Is flash memory unreliable because of exFAT, or because it is flash memory?
It's because of flash memory.
Data in flash memory cells is stored using a static charge. This is the same kind of charge that you get if you rub a balloon on a wool sweater - because of the charge the balloon will stick to a wall. But the charge dissipates over time - the balloon will eventually fall off the wall and the data in a flash memory cell will eventually "evaporate" (the balloon falls much, much faster).
While I barely used thumb drives I don't think I have even had a SD/microSD or old Sony memory stick die or get corrupted.
The reason that flash drive capacity has been going up over the years is because the individual cells have been getting smaller and the number of bits of information stored in an individual cell have been going up. Both of these "advances" mean that the data will become unreadable more quickly. Drives try to mitigate this by using error correction codes which can recover the data even if some bits go missing, but you can only go so far with that. At some point, once enough of the static charges have evaporated, the data becomes unreadable.
So those old 8MB memory sticks with one bit per cell and cells the size of acreage could retain data for decades, while today's 512GB flash chips with two or three bits per cell and cells the size of angels on the head of a pin fare much much worse. It's not because modern drives are "cheap" in the sense of not being well made. It's because poorer data retention is an inevitable tradeoff for the improved capacity and lower cost per byte.
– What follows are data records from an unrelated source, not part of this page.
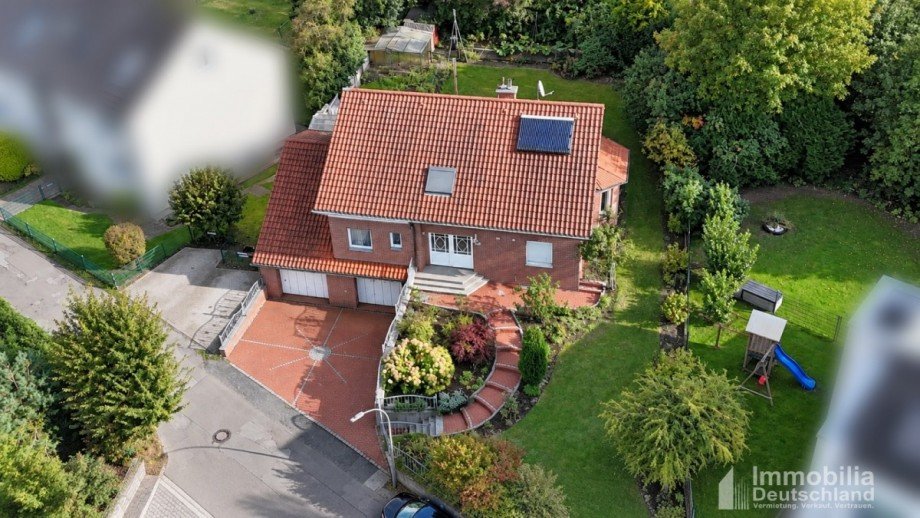 Drohnenaufnahme Vorderseite Einfamilienhaus Dortmund
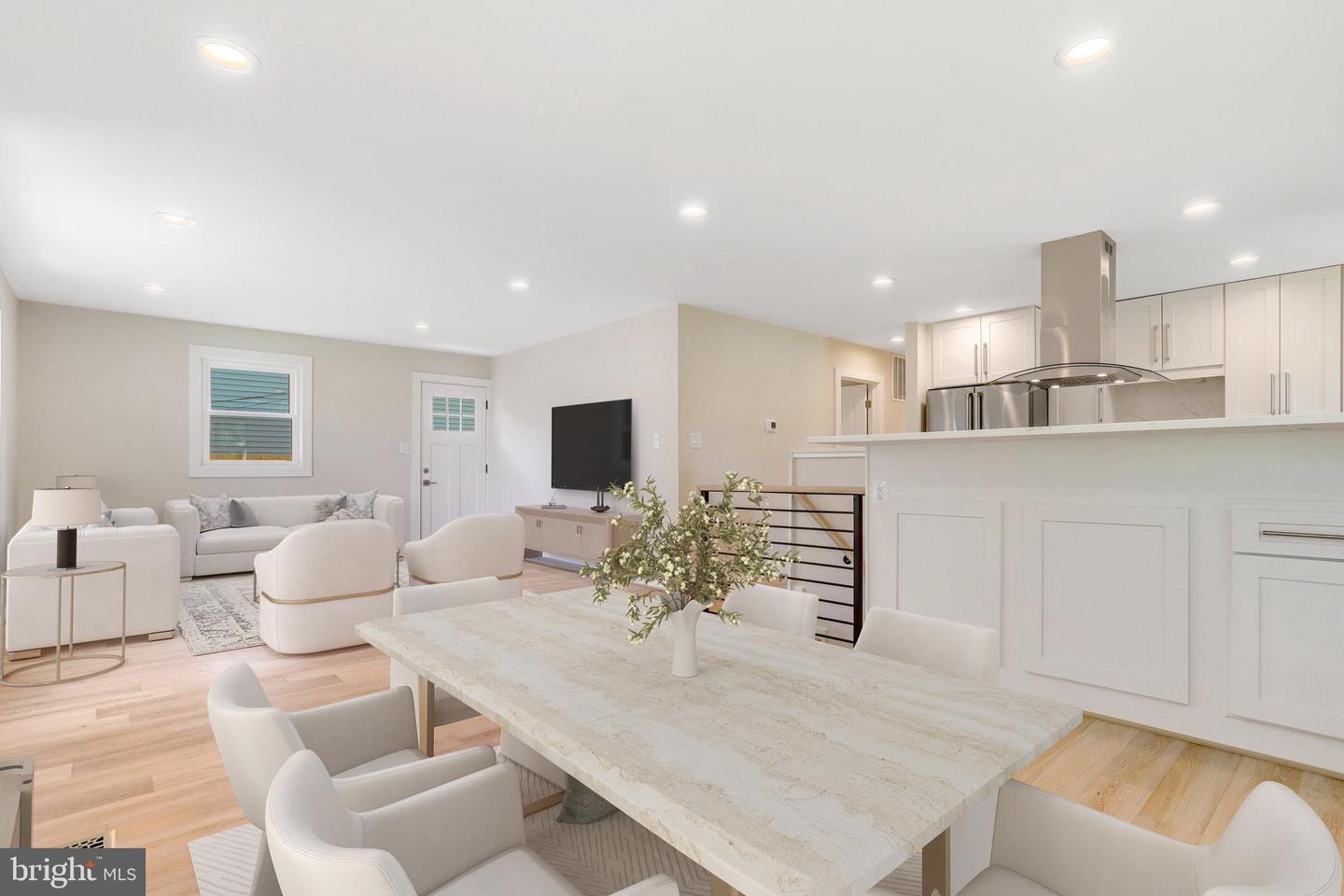 1601 S STAFFORD ST, ARLINGTON, Virginia 22204, 4 Bedrooms Bedrooms, 4 Rooms Rooms,3 BathroomsBathrooms,Residential,For sale,1601 S STAFFORD ST,VAAR2056500 MLS # VAAR2056500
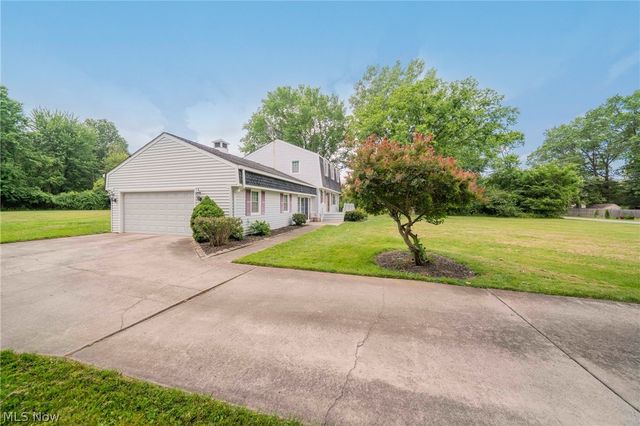 4760 Oster Road, Sheffield Lake, OH 44054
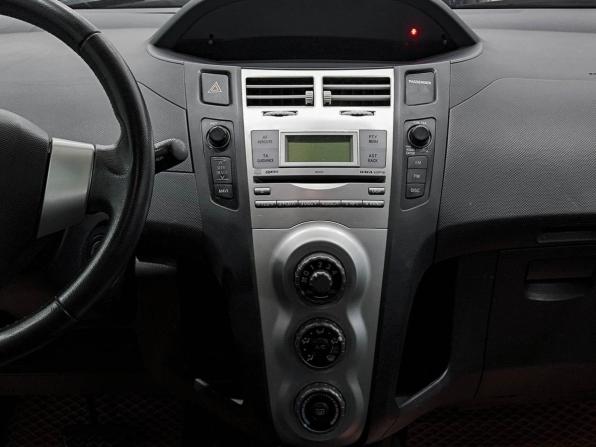 Toyota Yaris II с пробегом 2008 года, цена 580 000 рублей, 164200 км, хэтчбек, Автокод Объявления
All of this is why it's a bad idea to use flash memory as archival storage. If you do plan to retain flash memory data over a long period of time, it's important to read all of the data periodically so that the chip's controller can discover correctable errors before they become permanent ones - when it reads erroneous data that can be corrected it rewrites the data, which puts new, fresh static charges on the cells to give them a new lease on life.
Checksumming your files and then verifying the checksums every so often is the best way to do this. Not only does it read all the data, it will tell you if any of the data was unreadable (because the checksums won't match). This is important because you don't get otherwise notified of read errors from SD cards or USB thumb drives. If you know that a file has errors then you can recover a good copy of it from one of the other copies you have (because we all make copies of our important files on redundant media, right?)